The consumer organisation’s research shows the only 47% of people in the South West have a will in place.

“That comes as no surprise,” says assistant solicitor Kearney Coffin who works in the Wills and Probate department of Curtis Whiteford Crocker.

Which? Legal says that most people wait until, on average, the age of 47 before putting a will in place with 20% or respondents saying writing a will “had not occurred” to them.

“Many people are putting off doing their Wills and lots of clients tell me how relieved they are when they finally get around to it,” says Kearney. It’s always something they’ve been meaning to do but they have their reasons for not doing it. For younger people, it is might be something they haven’t got round to or think they won’t need to worry until later life . Other people may think they don’t need a Will because they don’t think they a valuable enough estate or there won’t be an Inheritance Tax issue, but with the value of property going up you might be surprised at the value of even a simple estate. Others might think the automatic rules of intestacy are enough and there is no point in preparing a Will.

The complicated nature of modern family relationships also makes it important to give clear instructions in a will.

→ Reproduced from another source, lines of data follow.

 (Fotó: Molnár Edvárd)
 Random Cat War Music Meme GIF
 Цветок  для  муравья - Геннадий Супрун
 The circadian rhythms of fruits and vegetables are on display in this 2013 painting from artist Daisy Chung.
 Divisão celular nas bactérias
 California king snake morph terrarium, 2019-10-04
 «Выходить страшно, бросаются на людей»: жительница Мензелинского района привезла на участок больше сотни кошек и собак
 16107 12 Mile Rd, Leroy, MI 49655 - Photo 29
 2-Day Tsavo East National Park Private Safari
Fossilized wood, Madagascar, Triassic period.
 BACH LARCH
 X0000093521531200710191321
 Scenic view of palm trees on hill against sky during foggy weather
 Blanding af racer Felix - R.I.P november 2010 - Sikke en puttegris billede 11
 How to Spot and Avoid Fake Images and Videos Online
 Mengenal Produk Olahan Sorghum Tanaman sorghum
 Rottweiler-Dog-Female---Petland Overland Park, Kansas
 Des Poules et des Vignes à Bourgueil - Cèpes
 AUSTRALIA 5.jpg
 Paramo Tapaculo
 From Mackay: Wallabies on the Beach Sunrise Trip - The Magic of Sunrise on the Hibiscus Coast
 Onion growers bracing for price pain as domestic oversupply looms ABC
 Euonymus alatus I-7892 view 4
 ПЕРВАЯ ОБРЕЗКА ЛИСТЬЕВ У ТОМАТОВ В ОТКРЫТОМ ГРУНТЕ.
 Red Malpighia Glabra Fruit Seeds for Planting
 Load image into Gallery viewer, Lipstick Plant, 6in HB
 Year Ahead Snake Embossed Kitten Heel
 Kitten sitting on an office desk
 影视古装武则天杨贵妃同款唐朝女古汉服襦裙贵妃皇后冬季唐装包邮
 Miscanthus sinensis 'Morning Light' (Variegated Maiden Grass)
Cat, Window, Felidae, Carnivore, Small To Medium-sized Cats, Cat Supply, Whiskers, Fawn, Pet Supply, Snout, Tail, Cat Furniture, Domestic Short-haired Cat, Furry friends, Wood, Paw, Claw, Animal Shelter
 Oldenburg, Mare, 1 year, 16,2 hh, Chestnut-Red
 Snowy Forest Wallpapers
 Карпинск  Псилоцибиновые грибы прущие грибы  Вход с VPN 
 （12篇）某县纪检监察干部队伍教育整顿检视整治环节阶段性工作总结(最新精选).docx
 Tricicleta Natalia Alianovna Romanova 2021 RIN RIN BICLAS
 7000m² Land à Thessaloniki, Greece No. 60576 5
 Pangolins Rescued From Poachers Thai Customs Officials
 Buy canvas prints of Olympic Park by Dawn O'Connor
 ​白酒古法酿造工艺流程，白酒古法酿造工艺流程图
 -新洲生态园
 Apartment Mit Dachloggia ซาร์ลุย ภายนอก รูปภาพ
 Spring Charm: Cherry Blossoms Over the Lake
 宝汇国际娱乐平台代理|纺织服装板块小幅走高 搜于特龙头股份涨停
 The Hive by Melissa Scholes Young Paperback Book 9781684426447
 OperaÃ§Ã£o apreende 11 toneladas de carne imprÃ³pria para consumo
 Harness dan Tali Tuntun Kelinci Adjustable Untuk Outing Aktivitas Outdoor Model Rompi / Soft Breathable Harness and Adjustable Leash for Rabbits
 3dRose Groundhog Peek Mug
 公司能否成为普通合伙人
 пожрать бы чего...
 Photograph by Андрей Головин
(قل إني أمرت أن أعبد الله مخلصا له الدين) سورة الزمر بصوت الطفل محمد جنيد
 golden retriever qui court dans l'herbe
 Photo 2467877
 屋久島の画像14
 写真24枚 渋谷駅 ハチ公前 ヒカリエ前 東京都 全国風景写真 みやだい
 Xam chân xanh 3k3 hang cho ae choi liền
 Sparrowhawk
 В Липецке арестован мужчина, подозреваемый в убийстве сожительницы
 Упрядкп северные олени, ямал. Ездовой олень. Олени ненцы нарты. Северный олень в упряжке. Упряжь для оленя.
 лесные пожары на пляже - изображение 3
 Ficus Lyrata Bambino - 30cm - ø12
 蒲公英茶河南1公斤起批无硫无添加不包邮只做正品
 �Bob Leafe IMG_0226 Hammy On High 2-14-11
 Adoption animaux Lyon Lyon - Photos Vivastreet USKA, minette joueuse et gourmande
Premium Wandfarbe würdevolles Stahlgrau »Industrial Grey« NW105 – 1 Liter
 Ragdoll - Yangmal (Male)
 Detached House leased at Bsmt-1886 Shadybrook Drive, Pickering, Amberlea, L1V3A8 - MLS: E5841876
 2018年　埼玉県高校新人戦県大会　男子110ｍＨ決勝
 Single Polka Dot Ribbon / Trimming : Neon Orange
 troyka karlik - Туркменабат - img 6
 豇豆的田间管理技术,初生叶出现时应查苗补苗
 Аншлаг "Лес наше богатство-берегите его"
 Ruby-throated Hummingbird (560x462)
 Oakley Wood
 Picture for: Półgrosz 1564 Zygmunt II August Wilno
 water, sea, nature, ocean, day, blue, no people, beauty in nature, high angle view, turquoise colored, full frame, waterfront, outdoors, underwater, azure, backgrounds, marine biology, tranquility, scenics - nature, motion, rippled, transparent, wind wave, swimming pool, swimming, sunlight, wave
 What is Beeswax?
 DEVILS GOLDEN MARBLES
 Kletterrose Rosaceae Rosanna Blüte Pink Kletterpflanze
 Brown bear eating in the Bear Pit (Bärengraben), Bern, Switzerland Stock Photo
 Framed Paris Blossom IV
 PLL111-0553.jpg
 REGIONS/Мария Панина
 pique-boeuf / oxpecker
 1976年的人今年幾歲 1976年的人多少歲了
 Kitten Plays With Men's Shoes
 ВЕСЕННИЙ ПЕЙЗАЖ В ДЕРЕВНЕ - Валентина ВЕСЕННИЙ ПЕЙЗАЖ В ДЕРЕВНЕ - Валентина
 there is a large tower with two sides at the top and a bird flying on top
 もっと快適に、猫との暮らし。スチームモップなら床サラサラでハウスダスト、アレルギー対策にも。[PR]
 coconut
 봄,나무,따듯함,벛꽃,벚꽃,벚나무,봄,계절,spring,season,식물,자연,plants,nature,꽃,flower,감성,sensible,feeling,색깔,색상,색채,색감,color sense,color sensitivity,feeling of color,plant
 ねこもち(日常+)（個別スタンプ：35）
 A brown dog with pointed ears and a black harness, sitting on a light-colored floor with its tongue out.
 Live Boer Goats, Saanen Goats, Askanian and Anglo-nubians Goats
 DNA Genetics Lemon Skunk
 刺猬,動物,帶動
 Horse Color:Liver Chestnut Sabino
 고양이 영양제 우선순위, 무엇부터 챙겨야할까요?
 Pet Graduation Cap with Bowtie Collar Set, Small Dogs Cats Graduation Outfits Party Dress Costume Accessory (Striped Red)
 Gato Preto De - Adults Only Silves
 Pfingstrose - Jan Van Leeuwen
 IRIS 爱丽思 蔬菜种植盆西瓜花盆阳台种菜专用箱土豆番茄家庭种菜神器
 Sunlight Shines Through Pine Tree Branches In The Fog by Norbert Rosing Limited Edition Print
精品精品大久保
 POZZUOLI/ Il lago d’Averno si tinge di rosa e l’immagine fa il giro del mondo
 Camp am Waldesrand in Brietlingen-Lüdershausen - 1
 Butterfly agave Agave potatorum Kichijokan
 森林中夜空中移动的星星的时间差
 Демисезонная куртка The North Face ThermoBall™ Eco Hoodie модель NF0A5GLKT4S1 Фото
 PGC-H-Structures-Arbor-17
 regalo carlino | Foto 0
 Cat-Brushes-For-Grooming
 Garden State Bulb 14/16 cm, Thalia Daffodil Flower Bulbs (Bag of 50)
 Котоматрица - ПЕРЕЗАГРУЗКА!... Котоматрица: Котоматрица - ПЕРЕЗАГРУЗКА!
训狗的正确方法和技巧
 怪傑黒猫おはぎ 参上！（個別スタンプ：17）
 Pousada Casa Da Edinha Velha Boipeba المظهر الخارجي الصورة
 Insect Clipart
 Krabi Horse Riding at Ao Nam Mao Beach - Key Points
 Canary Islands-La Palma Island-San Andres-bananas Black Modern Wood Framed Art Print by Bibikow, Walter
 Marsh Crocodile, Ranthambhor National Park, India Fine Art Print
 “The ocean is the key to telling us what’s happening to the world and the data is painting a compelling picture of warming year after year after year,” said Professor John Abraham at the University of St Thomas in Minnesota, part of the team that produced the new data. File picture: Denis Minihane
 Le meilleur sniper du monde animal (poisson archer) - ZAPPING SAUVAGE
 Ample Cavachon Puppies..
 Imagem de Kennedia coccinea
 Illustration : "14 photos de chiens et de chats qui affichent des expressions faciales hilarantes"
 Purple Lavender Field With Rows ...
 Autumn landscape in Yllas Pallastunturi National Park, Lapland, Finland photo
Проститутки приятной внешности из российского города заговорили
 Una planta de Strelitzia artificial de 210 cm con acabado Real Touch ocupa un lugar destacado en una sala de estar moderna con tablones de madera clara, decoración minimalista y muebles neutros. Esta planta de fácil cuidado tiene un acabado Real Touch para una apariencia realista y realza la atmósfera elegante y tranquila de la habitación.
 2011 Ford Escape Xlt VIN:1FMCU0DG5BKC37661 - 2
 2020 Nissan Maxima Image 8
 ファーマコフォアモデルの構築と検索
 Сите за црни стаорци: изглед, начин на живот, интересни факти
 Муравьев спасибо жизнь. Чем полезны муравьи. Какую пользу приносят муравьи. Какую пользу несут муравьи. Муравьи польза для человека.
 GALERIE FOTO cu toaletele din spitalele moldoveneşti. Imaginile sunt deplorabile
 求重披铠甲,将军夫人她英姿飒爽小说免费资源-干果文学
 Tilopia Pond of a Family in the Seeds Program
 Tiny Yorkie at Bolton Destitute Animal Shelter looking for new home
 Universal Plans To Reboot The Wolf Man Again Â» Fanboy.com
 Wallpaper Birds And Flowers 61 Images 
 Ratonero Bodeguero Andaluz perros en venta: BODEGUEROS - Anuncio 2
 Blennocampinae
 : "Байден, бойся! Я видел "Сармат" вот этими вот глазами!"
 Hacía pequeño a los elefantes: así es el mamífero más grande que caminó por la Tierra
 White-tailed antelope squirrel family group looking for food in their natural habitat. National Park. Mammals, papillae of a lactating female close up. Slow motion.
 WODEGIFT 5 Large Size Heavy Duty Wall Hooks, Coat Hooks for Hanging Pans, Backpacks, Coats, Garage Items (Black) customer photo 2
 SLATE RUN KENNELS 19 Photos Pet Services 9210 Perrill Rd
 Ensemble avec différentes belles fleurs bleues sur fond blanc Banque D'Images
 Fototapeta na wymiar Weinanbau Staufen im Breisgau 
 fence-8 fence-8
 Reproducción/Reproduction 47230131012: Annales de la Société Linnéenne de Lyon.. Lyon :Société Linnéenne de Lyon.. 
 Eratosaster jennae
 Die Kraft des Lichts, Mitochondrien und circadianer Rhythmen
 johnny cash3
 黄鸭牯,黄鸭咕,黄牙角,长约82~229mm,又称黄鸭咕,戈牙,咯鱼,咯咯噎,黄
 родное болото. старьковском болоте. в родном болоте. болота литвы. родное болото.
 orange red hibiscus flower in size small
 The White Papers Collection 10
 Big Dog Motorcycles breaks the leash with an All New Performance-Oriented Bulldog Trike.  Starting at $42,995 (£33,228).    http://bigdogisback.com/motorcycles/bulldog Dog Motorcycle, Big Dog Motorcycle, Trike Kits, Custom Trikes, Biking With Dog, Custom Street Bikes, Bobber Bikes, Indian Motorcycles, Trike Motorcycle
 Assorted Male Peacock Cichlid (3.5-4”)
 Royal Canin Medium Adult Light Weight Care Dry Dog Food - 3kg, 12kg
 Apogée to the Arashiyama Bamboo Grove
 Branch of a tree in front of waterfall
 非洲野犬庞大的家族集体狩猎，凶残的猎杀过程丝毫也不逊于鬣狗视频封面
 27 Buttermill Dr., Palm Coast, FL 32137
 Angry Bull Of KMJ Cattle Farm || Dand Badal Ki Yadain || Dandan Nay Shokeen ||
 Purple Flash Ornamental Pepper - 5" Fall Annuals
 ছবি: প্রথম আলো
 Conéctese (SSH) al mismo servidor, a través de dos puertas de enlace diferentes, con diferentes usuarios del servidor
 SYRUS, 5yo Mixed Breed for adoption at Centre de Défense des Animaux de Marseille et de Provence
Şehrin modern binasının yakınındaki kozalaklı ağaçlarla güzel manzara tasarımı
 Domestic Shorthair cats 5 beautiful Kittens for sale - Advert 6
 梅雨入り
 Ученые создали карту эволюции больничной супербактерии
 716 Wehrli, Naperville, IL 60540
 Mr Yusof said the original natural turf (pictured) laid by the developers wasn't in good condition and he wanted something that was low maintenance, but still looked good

“Parents might be divorced, or separated; a person might be on their second or third marriage; there could be children and stepchildren. There are a lot more complex family structures,” says Kearney.

“Having a will in place gives clarity as well as peace of mind on personal issues as well as legal. It might be about the funeral, someone expressing a wish to be cremated. Or a specific bequest to a particular individual. Sometimes a specific item will have more sentimental ‘value’ than a lump sum of money. Preparing a will to include these personal touches can mean so much to your loved ones instead of leaving them with automatic rules only.

“Most importantly, wills and probate is part of a very traditional law system which doesn’t recognise longterm cohabiting partners automatically so it is vital if you want to choose who should inherit from you that you make your wishes legally binding. A letter of wishes is not enough. When it comes to ‘common law marriage’, in the law there is no such thing and not preparing a Will can result in a claim being made against your estate., which can be a really onerous and unpleasant experience for all involved.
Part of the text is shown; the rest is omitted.